Мой последний предохранитель, мой личный моральный компас с двуручным мечом. Он лежал на спине, раскинув руки, будто пытался обнять это ледяное, безразличное небо. Его меч валялся рядом, тусклый и безжизненный. На лице, перепачканном сажей и запекшейся кровью, застыло не боль и не страх, а какое-то последнее, злое, торжествующее упрямство. Он не проиграл. Он просто закончил свой бой на своих условиях.

И тут меня не просто накрыло — меня прошило насквозь. Не боль и не горе, а глухая, черная, иррациональная злость. Какого черта, Ратмир? Какого черта ты взял и лег костьми, потому что так тебе велел какой-то дурацкий солдатский кодекс? Идиот. Самоуверенный, твердолобый идиот, решивший, что его жизнь — это разменная монета в игре, правил которой он не понимал. Что он только что выиграл, сдохнув здесь? Ничего. А вот проиграли мы все.

— Эмоциональная нестабильность. Адреналиновый откат, — бесстрастно констатировала Искра. — Зафиксировано повышение агрессии, направленной на погибшего союзника. Нелогичная реакция. Рекомендую перенаправить агрессию на активные цели. Или сесть и подумать о вечном. У нас осталось не так много времени на размышления.

«Заткнись», — мысленно прошипел я, поднимаясь. Ноги дрожали, но не от слабости — от ярости, ищущей выход, как пар из перегретого котла.

Первым делом захотелось подойти и пнуть его безжизненное тело. Заорать ему в лицо, что он не имел права так поступать. Что его жертва — не подвиг, а идиотская выходка, которая оставила нас здесь, в этой заднице мира, без единого шанса. Он что, думал, я тут без него не справлюсь? Понадеялся на меня? На аномалию, на ходячую черную дыру, которая еще вчера сама была в шаге от того, чтобы перейти на сторону врага? Ну спасибо, удружил. Свалил на меня всю ответственность, а сам умыл руки. Красиво. Удобно устроился.

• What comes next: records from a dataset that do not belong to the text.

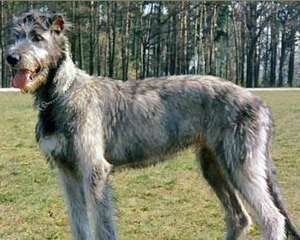 爱尔兰猎狼犬厉害吗？爱尔兰猎狼犬介绍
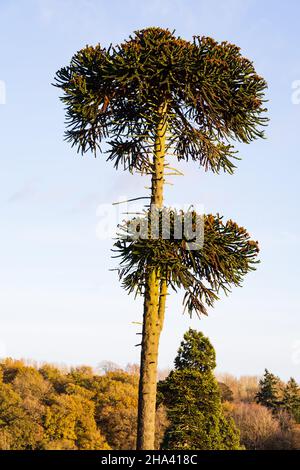 Albero di puzzle scimmia, Araucaria Araucana, pino cileno, conifere sempreverdi. Crescere in un campo in Inghilterra Foto Stock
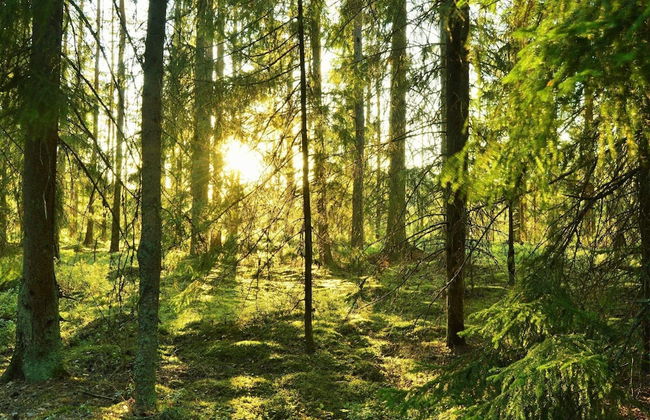 5 Person Holiday Home in Bredared-by Traum - Photo 24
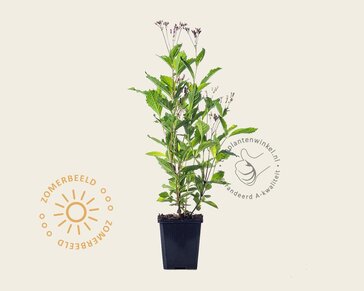 Eupatorium dubium 'Baby Joe'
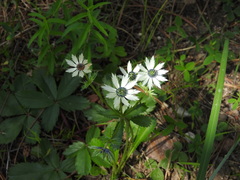 Eryngium carlinae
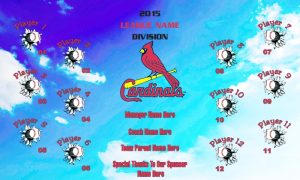 Cardinals Rapid Team Baseball Banner St. Louis Cardinals baseball banner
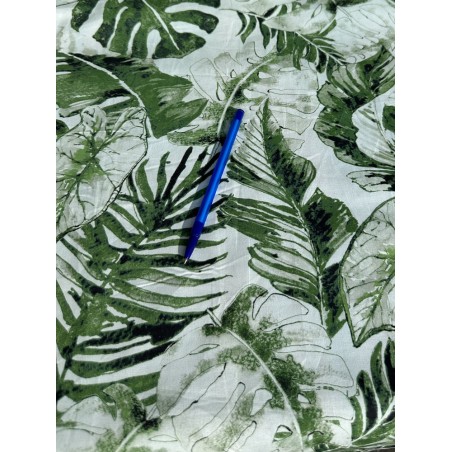 Feuille Feuillage Fougère Tropical TIS-0955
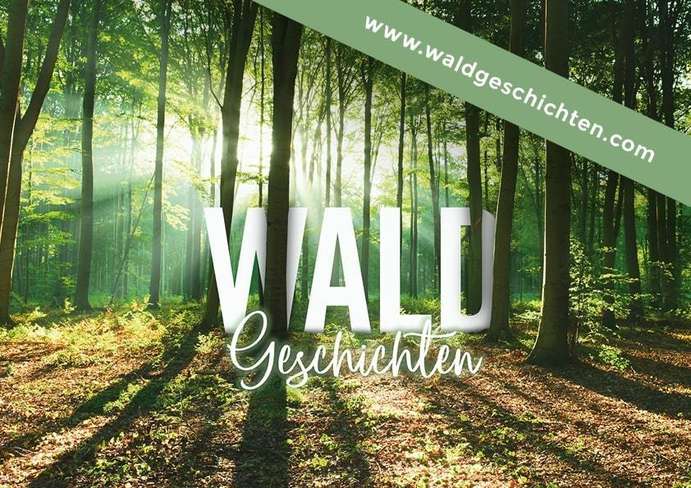Waldgeschichten-quer-min.jpg Waldgeschichten-quer-min.jpg
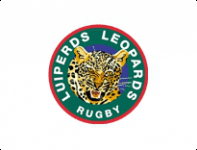 Leopards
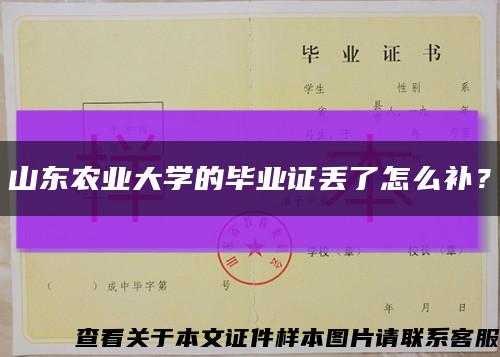 山东农业大学的毕业证丢了怎么补？缩略图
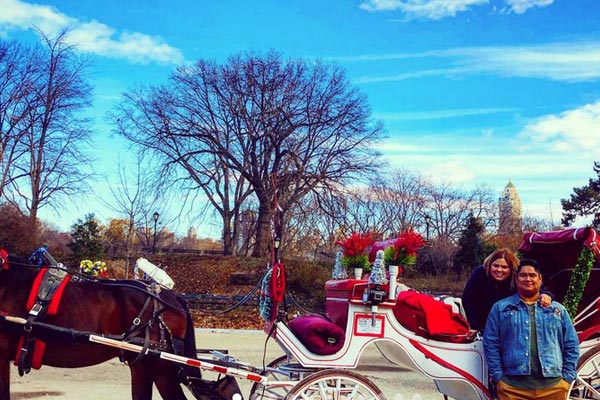 Boka en hästdroska i Central Park under julen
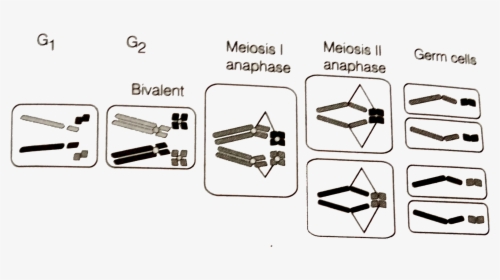 Diagram, HD Png Download, Transparent PNG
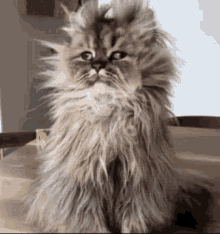 good-morning-cat.gif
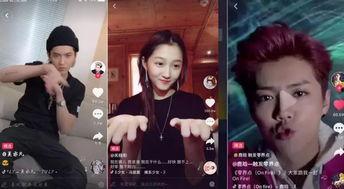 探访明星网红视频在线观看,带你走进他们的日常生活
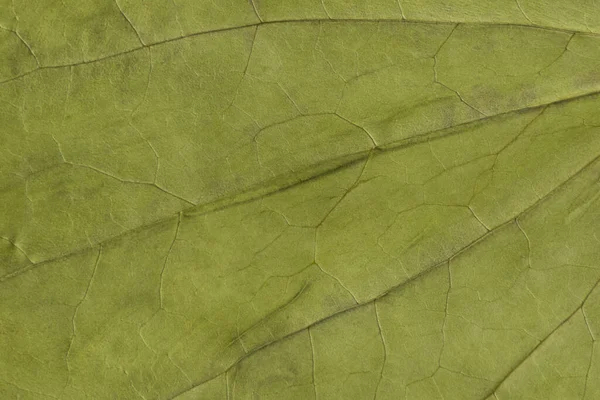 Textura Verde Una Hoja Seca — Foto de Stock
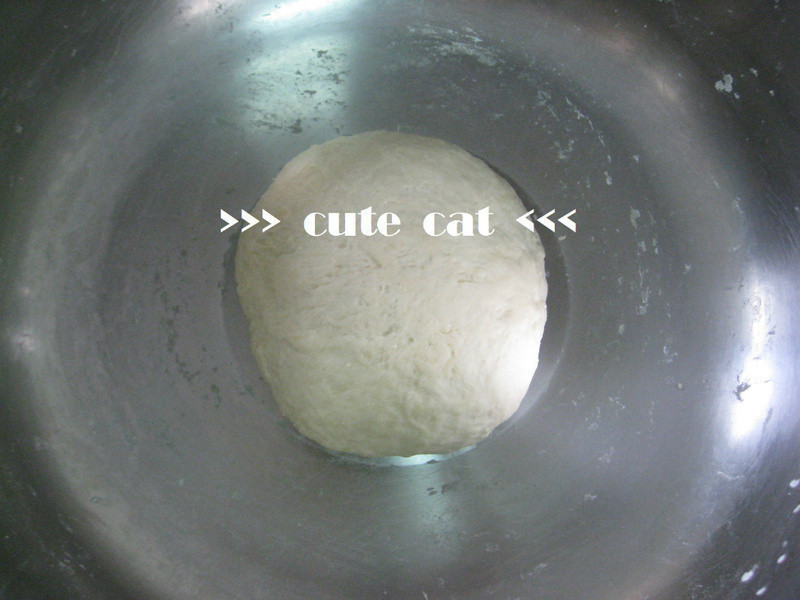 ? Hand-made pizza ?������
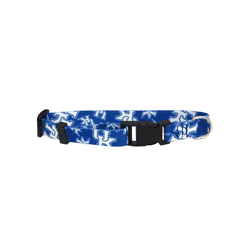 Kentucky Wildcats Pet Team Collar Large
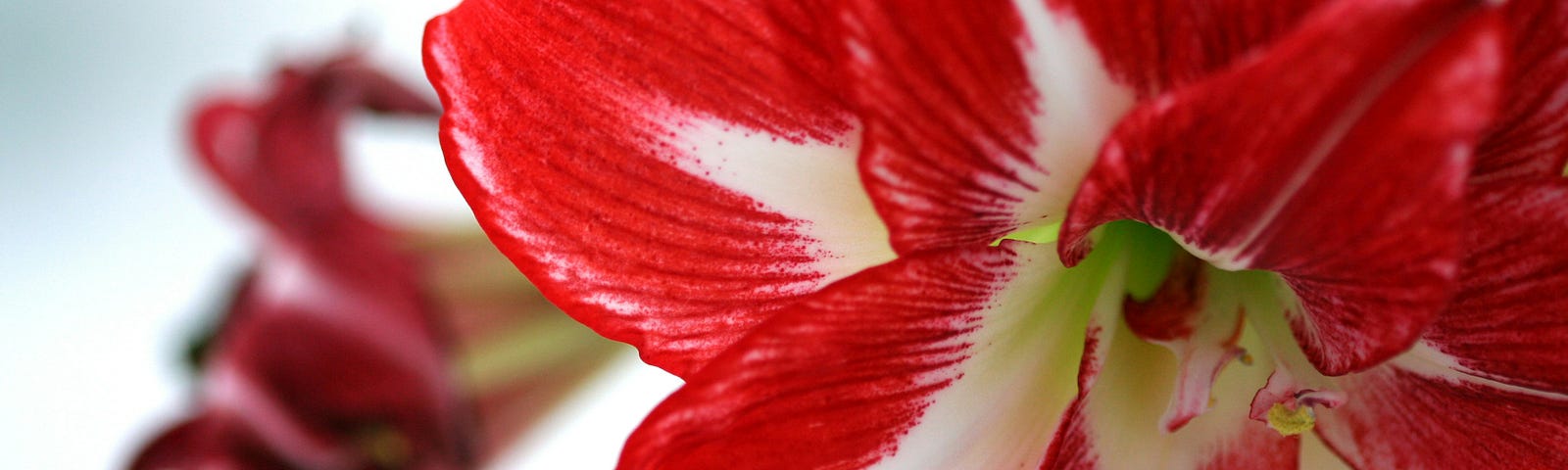 a beautiful image of a red amaryllis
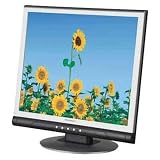 17IN LCD 1280X1024 Blk/slvr VGA 8MS with 3 Yr Warr Envision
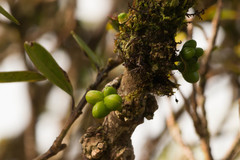 Melicope clusiifolia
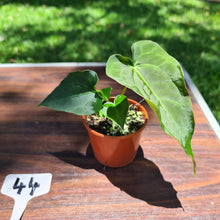 Load image into Gallery viewer, #44 Dark Anthurium Complex hybrid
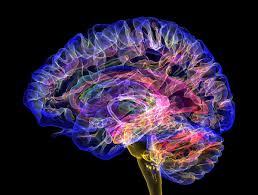 My Brain Injury Part&nbsp;1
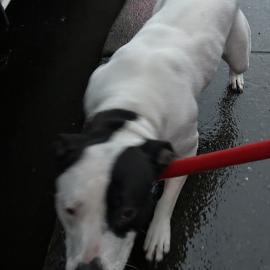 Photo for 154180 [377782]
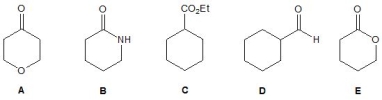 <strong>Which of the following compounds A-E is a lactone? </strong> A) A B) B C) C D) D E) E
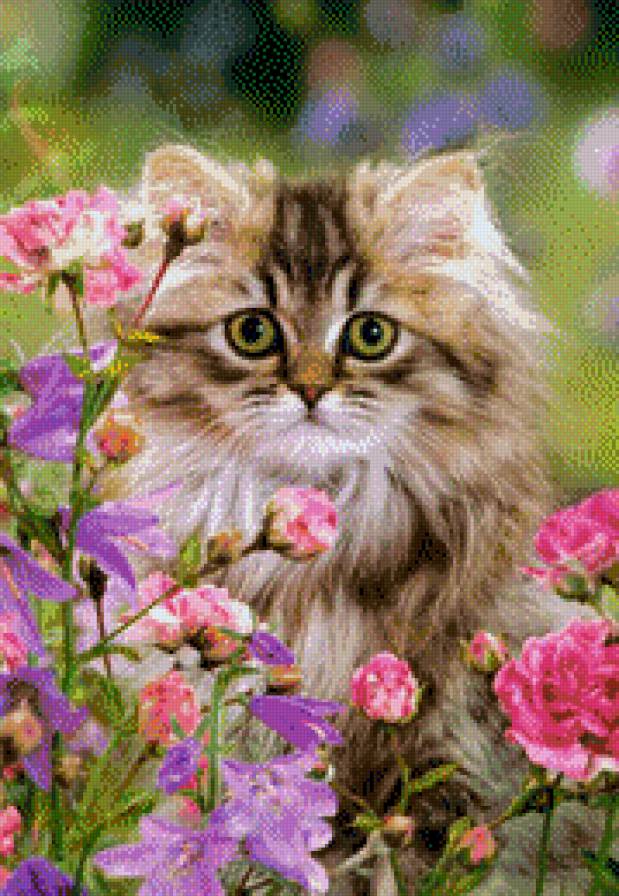 №603395 - предпросмотр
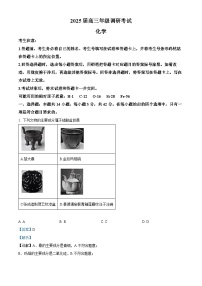 河南省新乡市多校2025届高三上学期调研联考（一模）化学试题（解析版）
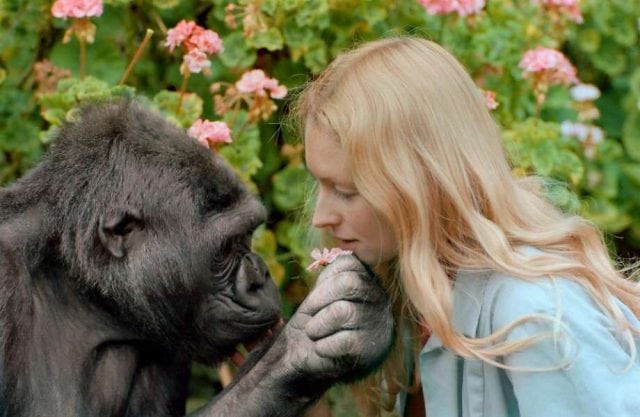 gorila Koko petface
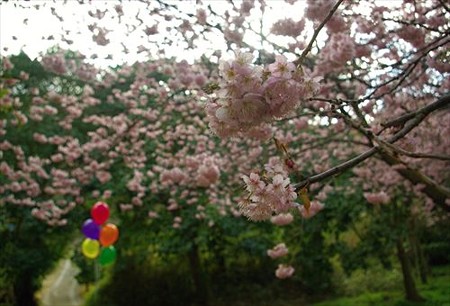 IMGP8579_0321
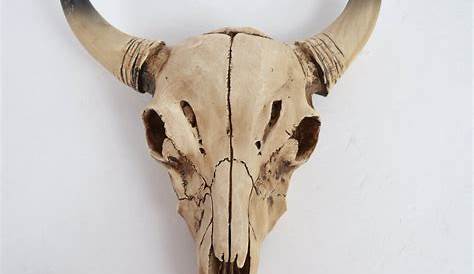 43cm White Carved Artificial Cow Skull, Realistic Wall Hanging, BoHo Theme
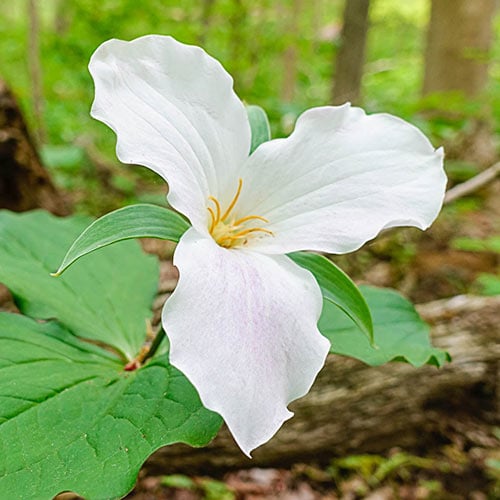 Great White Trillium | K. van Bourgondien - Wholesale Perennials
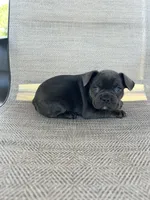 AKC Madden, a male French Bulldog for sale in Bonne Terre, MO – 2 of 7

Подойдя вплотную, я наклонился, вглядываясь в его застывшее лицо. И в этой звенящей пустоте его слова, брошенные в оружейной, прозвучали в голове с оглушительной ясностью. Хриплый, тяжелый, как скрежет гравия, голос: «Моя задача теперь… убедиться, что ты не свернешь с пути. И если свернешь… я тебя остановлю. Лично».